_Prompt_: Return the following from the records below: each line, word for word, starting with the line that contains "A framed art" and going on through the line that contains "USB A to C 変換アダプタ", with nothing outside that range.

[Brief descriptive captions]
::::::::::

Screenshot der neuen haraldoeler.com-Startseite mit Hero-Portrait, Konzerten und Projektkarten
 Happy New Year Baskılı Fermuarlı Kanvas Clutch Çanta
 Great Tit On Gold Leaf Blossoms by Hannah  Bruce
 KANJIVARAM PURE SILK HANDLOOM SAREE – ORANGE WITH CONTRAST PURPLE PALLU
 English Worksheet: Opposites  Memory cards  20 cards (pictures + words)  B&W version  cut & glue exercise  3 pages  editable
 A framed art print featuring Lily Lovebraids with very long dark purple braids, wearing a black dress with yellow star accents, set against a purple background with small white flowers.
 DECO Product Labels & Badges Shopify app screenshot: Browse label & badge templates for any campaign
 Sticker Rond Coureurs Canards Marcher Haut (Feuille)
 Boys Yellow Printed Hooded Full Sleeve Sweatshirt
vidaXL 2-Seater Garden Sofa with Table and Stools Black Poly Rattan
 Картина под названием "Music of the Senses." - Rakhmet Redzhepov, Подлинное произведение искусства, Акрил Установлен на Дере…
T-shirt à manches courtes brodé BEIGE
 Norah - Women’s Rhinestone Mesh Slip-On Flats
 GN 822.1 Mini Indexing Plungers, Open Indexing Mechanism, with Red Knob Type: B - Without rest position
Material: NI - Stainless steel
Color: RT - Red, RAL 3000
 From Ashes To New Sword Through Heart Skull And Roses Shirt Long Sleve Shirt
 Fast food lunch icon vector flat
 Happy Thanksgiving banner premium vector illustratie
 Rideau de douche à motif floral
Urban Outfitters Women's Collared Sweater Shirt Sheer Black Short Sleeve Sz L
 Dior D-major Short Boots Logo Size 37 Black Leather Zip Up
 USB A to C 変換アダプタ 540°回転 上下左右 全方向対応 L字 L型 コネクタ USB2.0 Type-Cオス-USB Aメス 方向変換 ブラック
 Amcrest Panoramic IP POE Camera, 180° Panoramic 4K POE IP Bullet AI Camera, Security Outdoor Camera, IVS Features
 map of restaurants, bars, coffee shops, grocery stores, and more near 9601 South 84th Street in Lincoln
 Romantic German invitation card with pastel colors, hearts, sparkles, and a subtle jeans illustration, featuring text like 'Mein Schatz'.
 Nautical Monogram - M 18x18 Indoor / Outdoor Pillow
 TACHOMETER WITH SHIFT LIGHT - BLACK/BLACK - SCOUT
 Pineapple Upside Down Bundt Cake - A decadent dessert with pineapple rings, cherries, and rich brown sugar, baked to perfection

::::::::::

_Task result_:
 A framed art print featuring Lily Lovebraids with very long dark purple braids, wearing a black dress with yellow star accents, set against a purple background with small white flowers.
 DECO Product Labels & Badges Shopify app screenshot: Browse label & badge templates for any campaign
 Sticker Rond Coureurs Canards Marcher Haut (Feuille)
 Boys Yellow Printed Hooded Full Sleeve Sweatshirt
vidaXL 2-Seater Garden Sofa with Table and Stools Black Poly Rattan
 Картина под названием "Music of the Senses." - Rakhmet Redzhepov, Подлинное произведение искусства, Акрил Установлен на Дере…
T-shirt à manches courtes brodé BEIGE
 Norah - Women’s Rhinestone Mesh Slip-On Flats
 GN 822.1 Mini Indexing Plungers, Open Indexing Mechanism, with Red Knob Type: B - Without rest position
Material: NI - Stainless steel
Color: RT - Red, RAL 3000
 From Ashes To New Sword Through Heart Skull And Roses Shirt Long Sleve Shirt
 Fast food lunch icon vector flat
 Happy Thanksgiving banner premium vector illustratie
 Rideau de douche à motif floral
Urban Outfitters Women's Collared Sweater Shirt Sheer Black Short Sleeve Sz L
 Dior D-major Short Boots Logo Size 37 Black Leather Zip Up
 USB A to C 変換アダプタ 540°回転 上下左右 全方向対応 L字 L型 コネクタ USB2.0 Type-Cオス-USB Aメス 方向変換 ブラック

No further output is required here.